• Assignment
The answer consists of the lines from the line holding "Three Penguin Small" through the last line of the entries, retyped exactly, and nothing else. No pictures belong in it.

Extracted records
┌────────

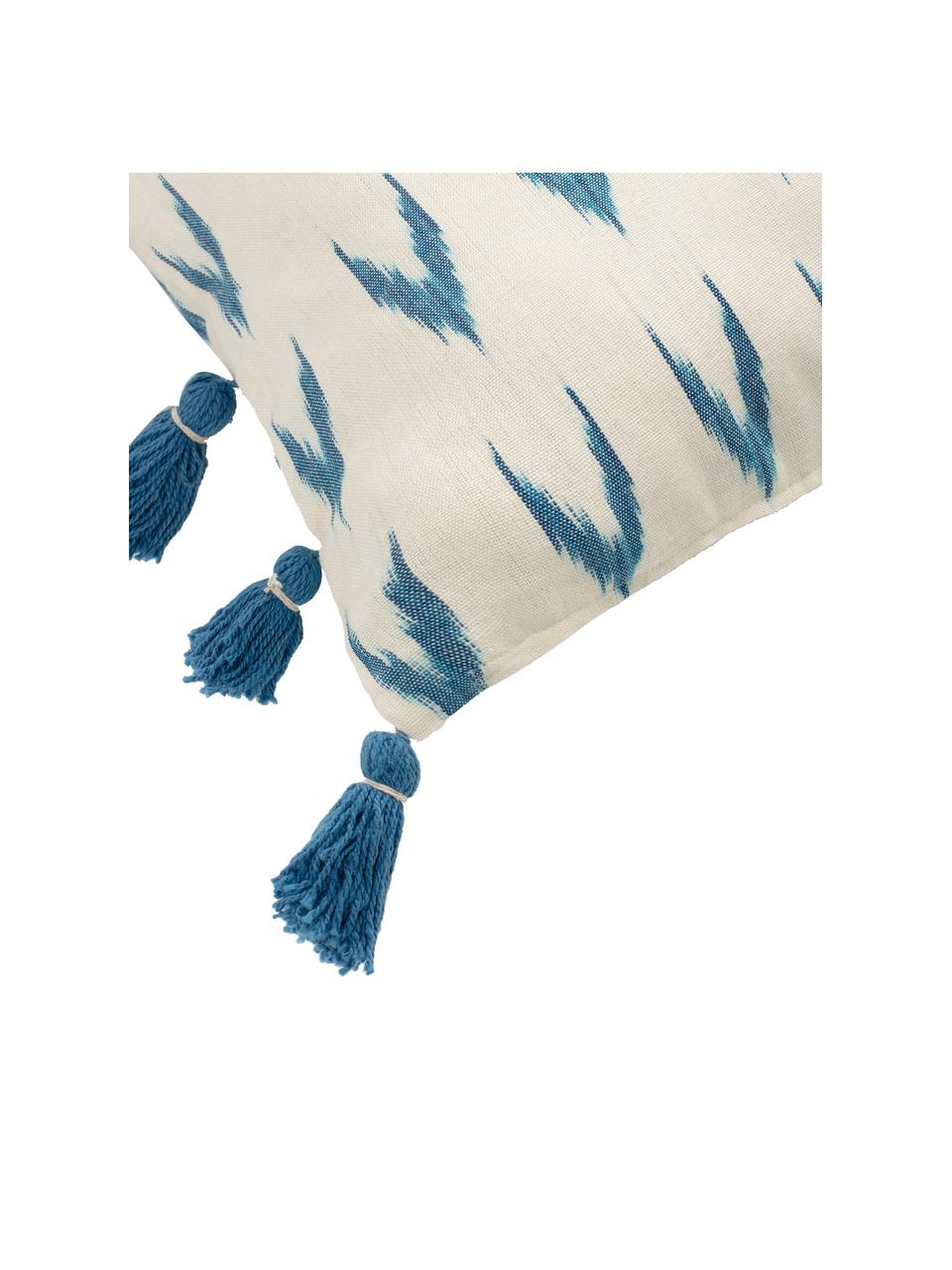 Boho kussenhoes Cala met blauwe kwastjes, 100% katoen, Blauw, wit, 30 x 60 cm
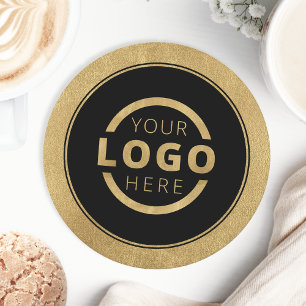 Custom Promotional Business Logo Branded Gold Round Paper Coaster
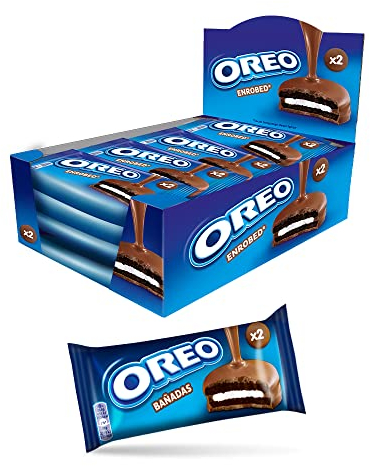Oreo Banadas Choco, Biscotti con copertura al Gusto di Cioccolato al Latte, Il tuo Oreo avvolto da una golosa copertura di Cioccolato, 24x41g (24 monoporzioni da 41g)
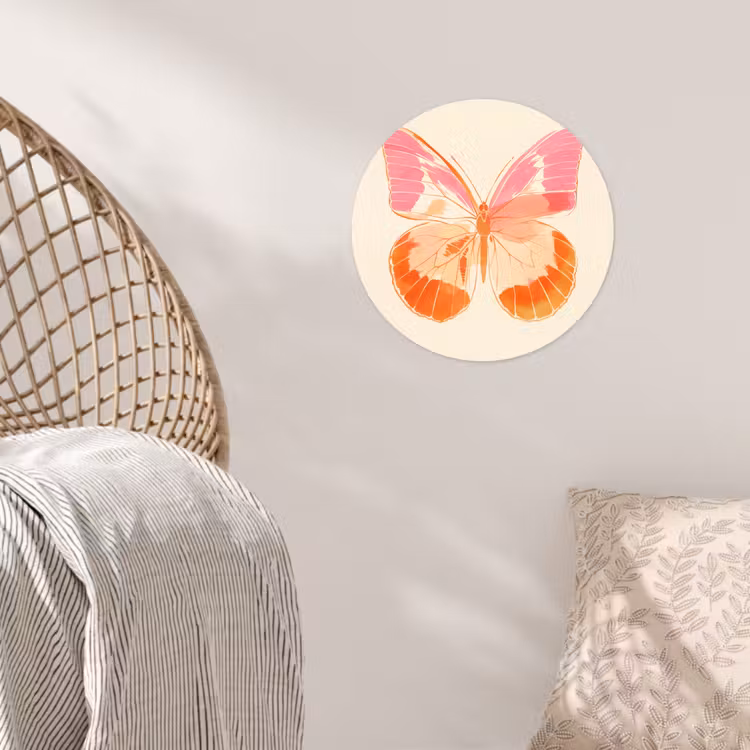Behangcirkel - Oranje - Vlinder - Minimalistisch — 5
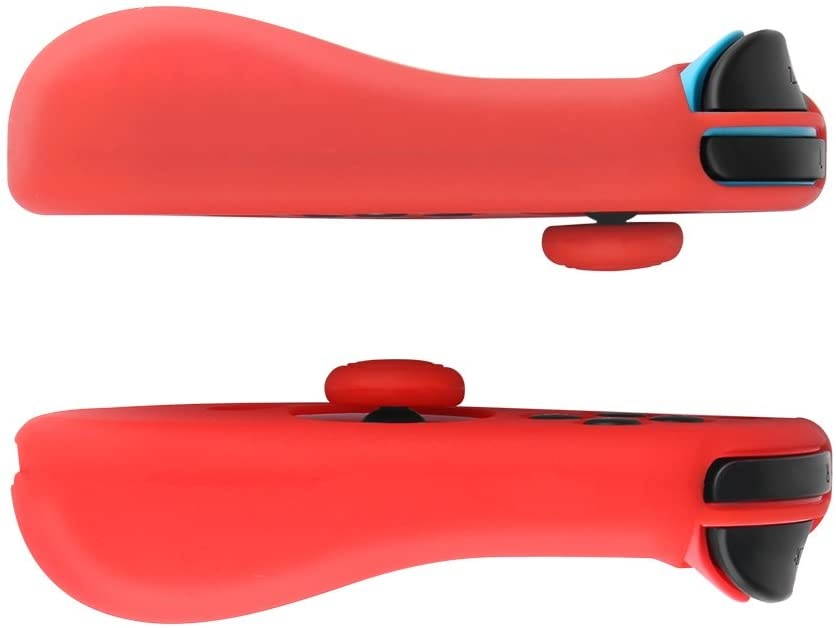 TNP Gel Guards with Thumb Grips Caps Works for Nintendo Switch Joy-Con Grip - Protective Case Covers Anti-Slip Ergonomic Lightweight Design Comfort Grip Controller Skin Accessories (1 Pair Neon Red)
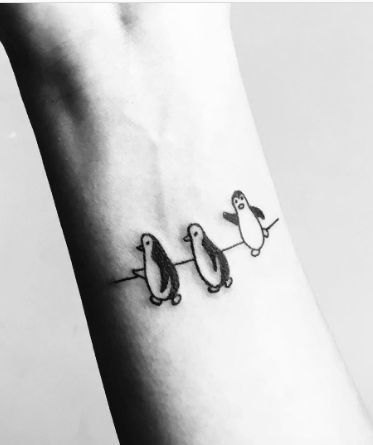 Three Penguin Small Wrist Tattoo: 17 Delicate Small Wrist Tattoo with Meaning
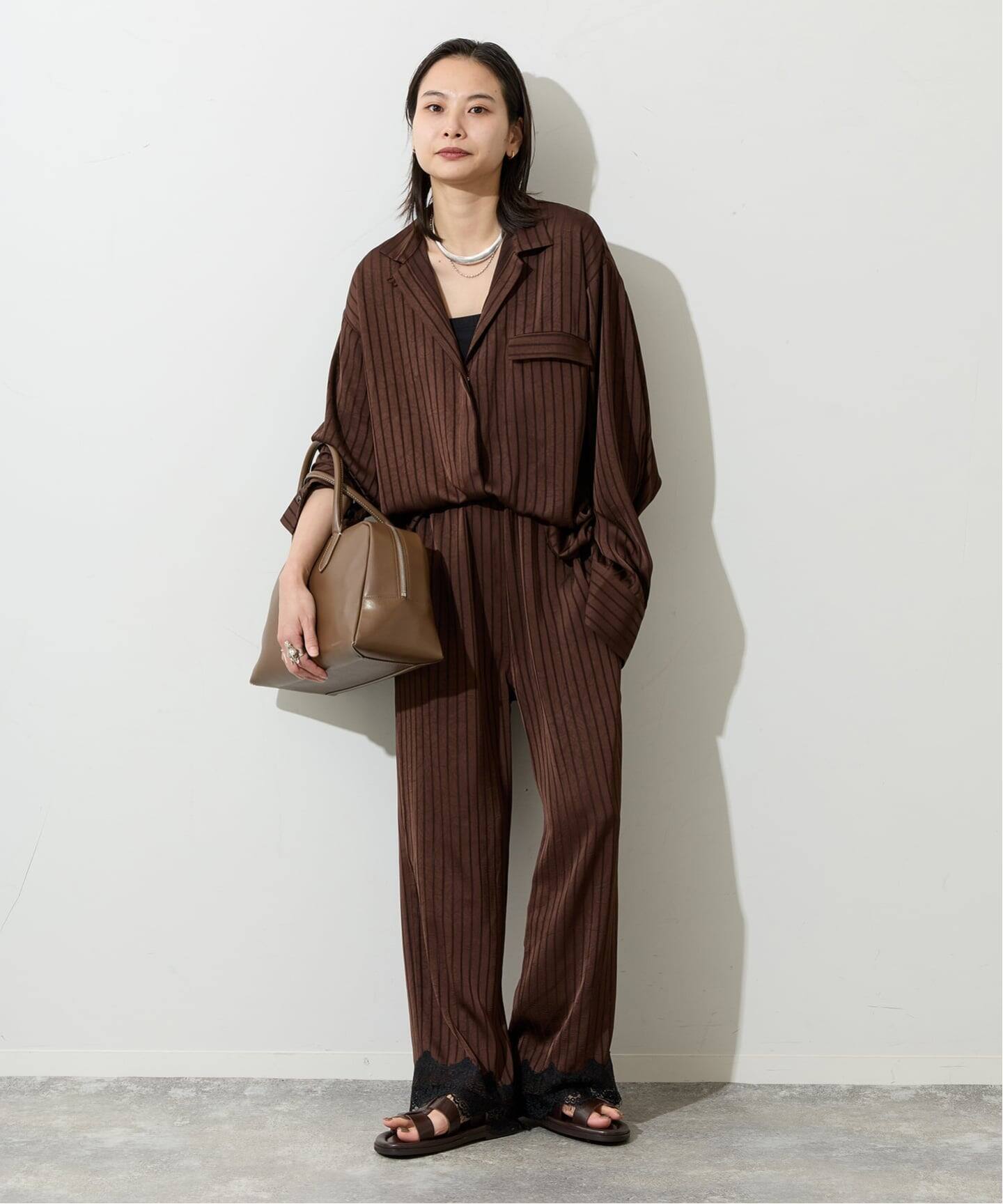 ARCHIVE STANCE/アーカイブスタンス】Satin Stripe Dolman Shirt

└────────

• Expected output
 Three Penguin Small Wrist Tattoo: 17 Delicate Small Wrist Tattoo with Meaning
 ARCHIVE STANCE/アーカイブスタンス】Satin Stripe Dolman Shirt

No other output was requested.